Notre entretien avec la famille Belmondo

Publié le 26 novembre 2013 par Chroniquemusicale @chronikmusicale

belmondoDans la famille Belmondo, véritable pilier du jazz en France, on croise régulièrement les frères : Stéphane (à la trompette, bugle), Lionel (au saxophone ténor). Mais c’est accompagnés de leur père Yvan (au saxophone baryton) qu’ils forment le Belmondo Family Sextet  et décident de rendre hommage à de grands standards des années 40-50 dans un très bel album Mediterranean Sound aussi suave et chaleureux qu’une fin d’après-midi estivale au bord de l’eau. Jean-Philippe Sempere (à la guitare), Sylvain Romano (à la contrebasse) et Jean-Pierre Arnaud (à la batterie) complètent la formation.

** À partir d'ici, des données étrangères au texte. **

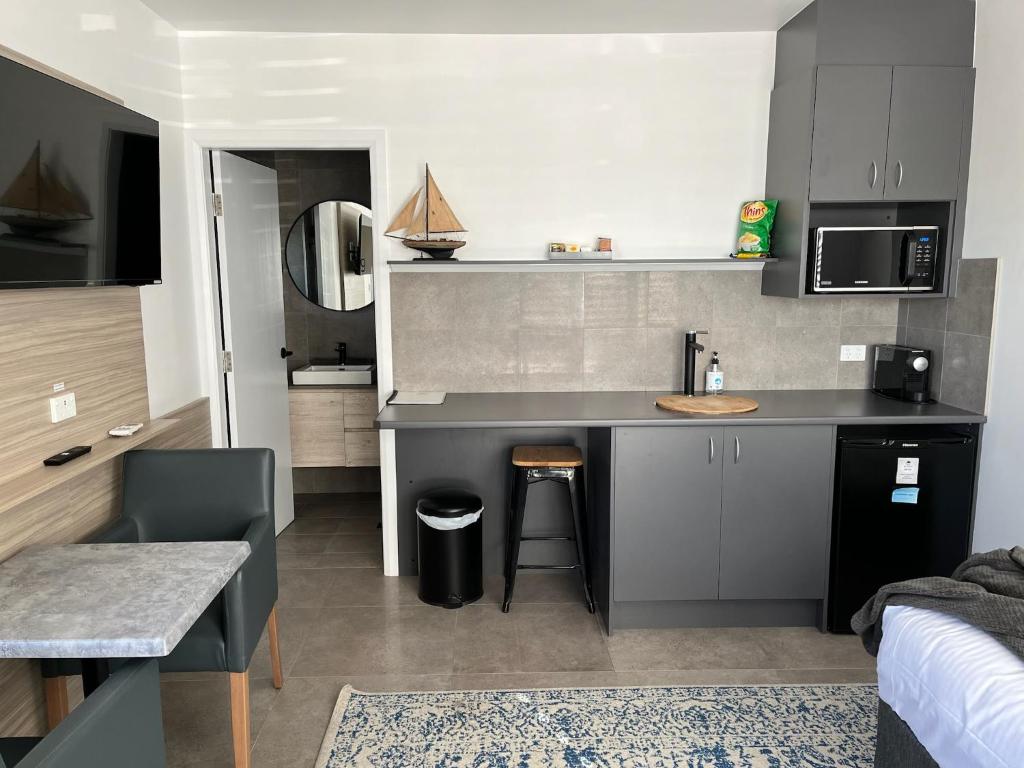 Kitchen, Jervis Bay Motel in Jervis Bay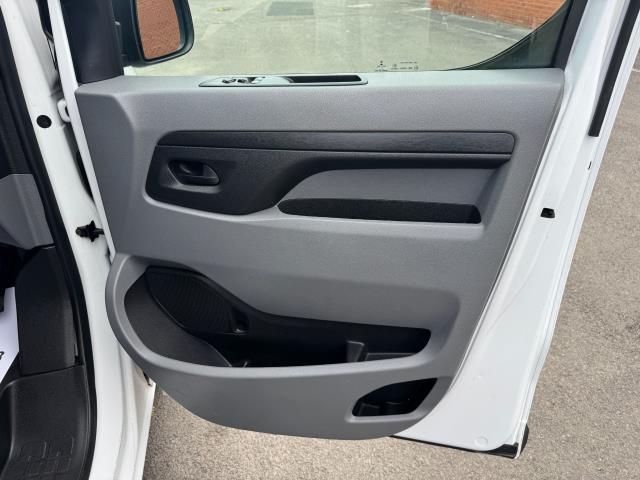 2022 Vauxhall Vivaro L2 2900 1.5D 100Ps Dynamic H1 Van (DV72WBJ) Image 17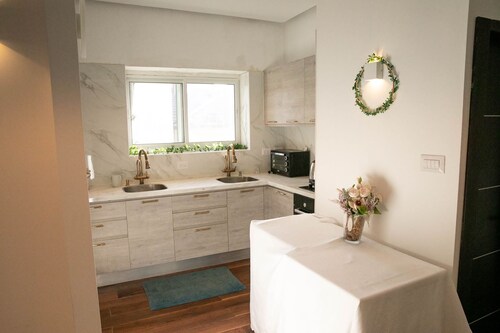 Elegant sunny home in central jerusalem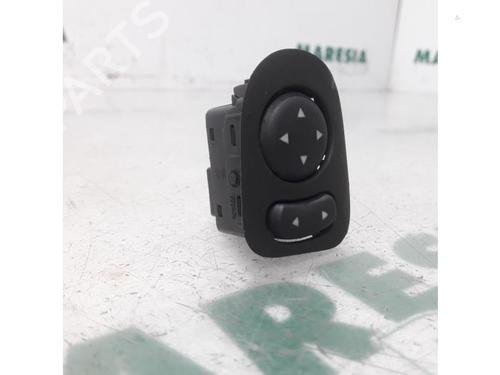 Comutador espelhos FIAT 500 (312_) 1.3 D Multijet (312AXB1A) (75 hp) 31527015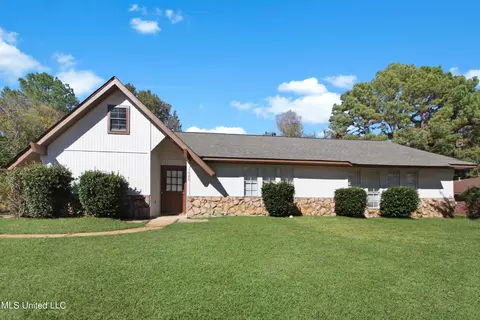 1503 Rosemont Dr, Clinton, MS 39056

C’est à l’étage d’un restaurant parisien que nous avons eu la chance de pouvoir échanger avec Yvan, Lionel et Stéphane autour de quelques question sur ce nouvel album.

Vous aviez joué ensemble en concert, c’est la première fois que vous enregistrez un disque ensemble comment s’est fait le cheminement ?

Stéphane : Je pense qu’il s’est fait naturellement. On a toujours laissé les choses venir. Pour ma part, pour tout ce que j’ai fait jusqu’à aujourd’hui, je n’ai jamais forcé quoi que ce soit. Ce n’est pas un coup médiatique, c’est quelque chose de naturel. On aurait pu le faire avant, cela aurait pu être dans deux ans, mais ce disque sort aujourd’hui. Je pense que plus on attend plus on sait à quel moment on peut faire les choses.

Yvan : C’est absolument ça. Je pense que forcer les choses, essayer de faire les choses parce qu’il y a un but derrière, ce n’est pas quelque chose qui peut marcher dans la musique et peut être dans les autres arts. J’ai dans ma vie fait partie d’un tas de groupes et notamment d’un groupe qui marchait très très bien. Les gens du groupe cherchaient à sortir un disque. A l’époque les disques ne sortaient pas comme aujourd’hui à la pelle. Ils avaient dit « on va louer une maison, on va jouer ensemble… » Finalement ça n’a rien donné du tout, parce que il n’y avait rien de déterminé, chacun avait son idée.
Le cheminement se fait lorsqu’on est prêt et qu’on a une idée commune vers quelque chose de commun. C’est ce qui s’est passé pour le Family Sextet.

C’est album se veut être un hommage à votre père Yvan et aux grands compositeurs qui vous influencer ?

Stéphane : Un hommage, non. On parle d’hommage quand les gens ne sont plus là. On va dire plutôt un clin d’œil. C’est un répertoire qu’a choisi Yvan, mon papa, c’est son orchestre, plutôt qu’un hommage.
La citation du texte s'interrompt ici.